# Data shown:
*** Block opens ***

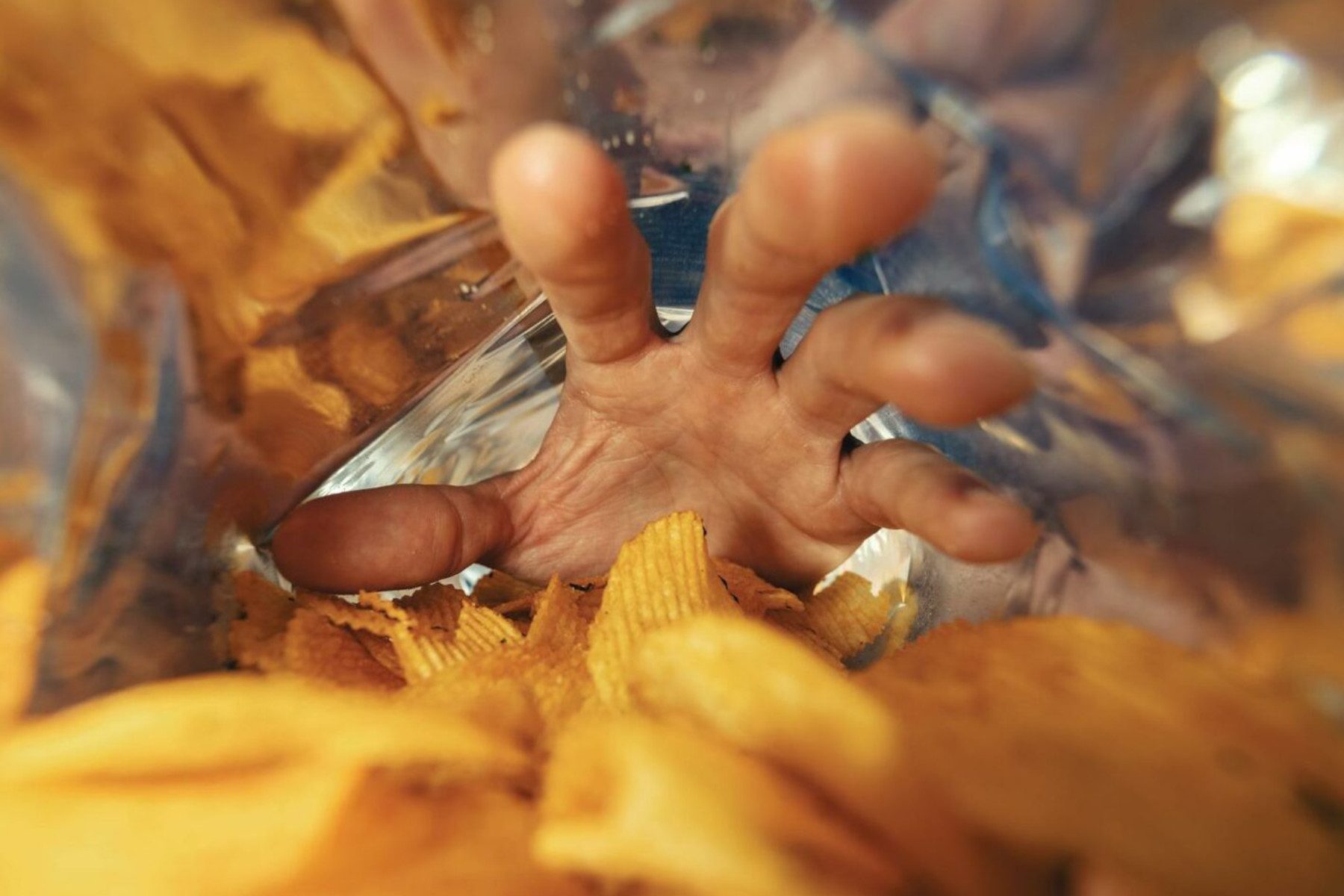 Photo from inside a packet of crisps, a hand reaching in to grab the potatoey crunchy goodness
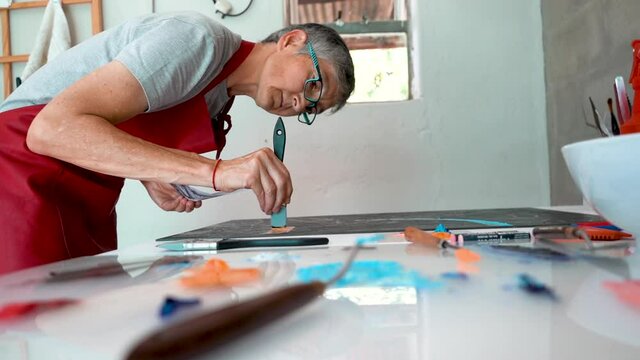 Artist working with paint for a monotype print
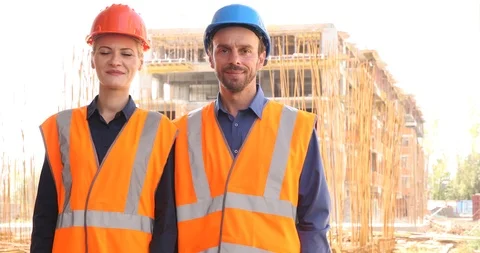 Team of Constructor Engineers Showing Thumbs Up Sign Under Construction Building Stock Footage 88007312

*** Block closes ***

# Your goal:
Your copy should hold each line above exactly and no pictures at all.

# Response to this task:
 Photo from inside a packet of crisps, a hand reaching in to grab the potatoey crunchy goodness
 Artist working with paint for a monotype print
 Team of Constructor Engineers Showing Thumbs Up Sign Under Construction Building Stock Footage 88007312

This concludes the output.